In what is a yearly and very all-encompassing report, the analysts at RBC again go through every sector looking for possible takeover candidates. Last year the company’s takeover screens yielded 29 takeouts that were eventually acquired over the following 12 months. The most popular area was software and services, which yielded a total of five deals. So we start this year’s coverage with four companies from that sector on the RBC watchlist that look promising.
Many of our readers may very well use the free software the company provides for computer security. AVG Technologies N.V. (NYSE: AVG) is an online security company providing leading software and services to secure devices, data and people. AVG’s award-winning technology is delivered to users worldwide.
AVG’s Consumer portfolio includes Internet security, performance optimization, location-based and phone control services and personal privacy and identity protection for mobile devices and desktops. The AVG Business portfolio — delivered by managed service providers, value-added-resellers and other resellers — offers IT administration, control and reporting, integrated security and mobile device management that simplify and protect businesses.
The stock trades at 7.4 times enterprise value (EV) to EBITDA and with gross margins of 85%. These are crucial metrics that the RBC team uses when looking for potential takeover candidates. AVG also boasts EBIT margins of 17%.

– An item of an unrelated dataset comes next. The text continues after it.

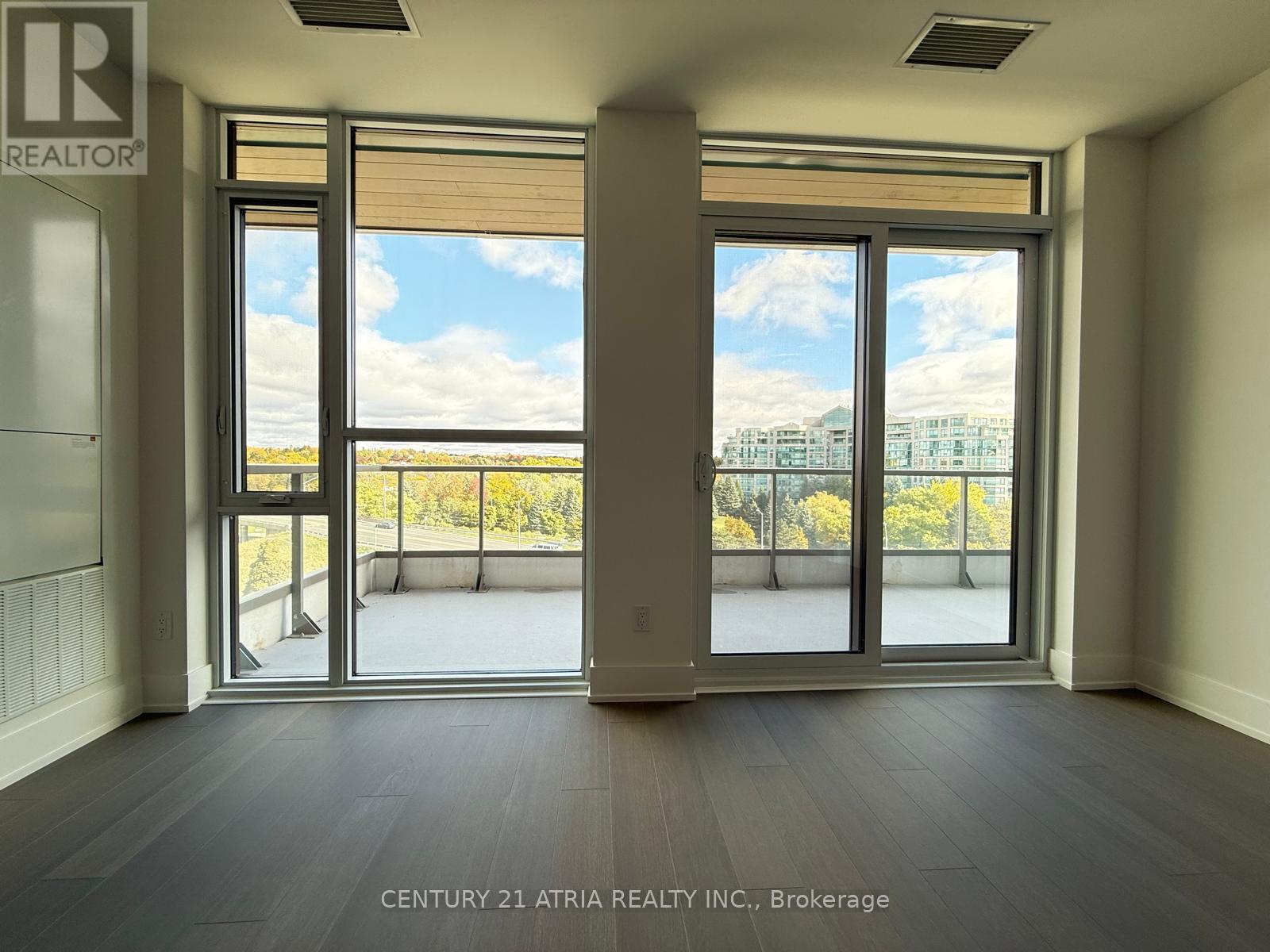 715 - 399 Royal Orchard Boulevard, Markham, Ontario  L3T 0H4 - Photo 12 - N12483781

The Thomson/First Call consensus price target for the stock is $27.03. The stock closed trading on Monday at $19.84 per share.
This is a lesser known company that may draw the eye of a bigger suitor. Fleetmatics Group PLC (NASDAQ: FLTX) is a leading global provider of mobile workforce solutions for service-based businesses of all sizes delivered as software-as-a-service (SaaS). Its solutions enable businesses to meet the challenges associated with managing local fleets and improve the productivity of their mobile workforces by extracting actionable business intelligence from real-time and historical vehicle and driver behavioral data.
The company’s intuitive, cost-effective Web-based solutions provide fleet operators with visibility into vehicle location, fuel usage, speed and mileage and other insights into their mobile workforce, enabling them to reduce operating and capital costs, as well as increase revenue. An integrated, full-featured mobile workforce management product provides additional efficiencies related to job management by empowering the field worker and speeding the job completion process — quote through payment. As of December 31, 2015, Fleetmatics served approximately 35,000 customers, with approximately 709,000 subscribed vehicles worldwide.
The company trades at 14.3 time EV to EBITDA and sports a 69% gross margin figure along with a 14% EBIT margin.
The consensus price target for Fleetmatics is posted at $55. The stock closed Monday at $39.19 per share.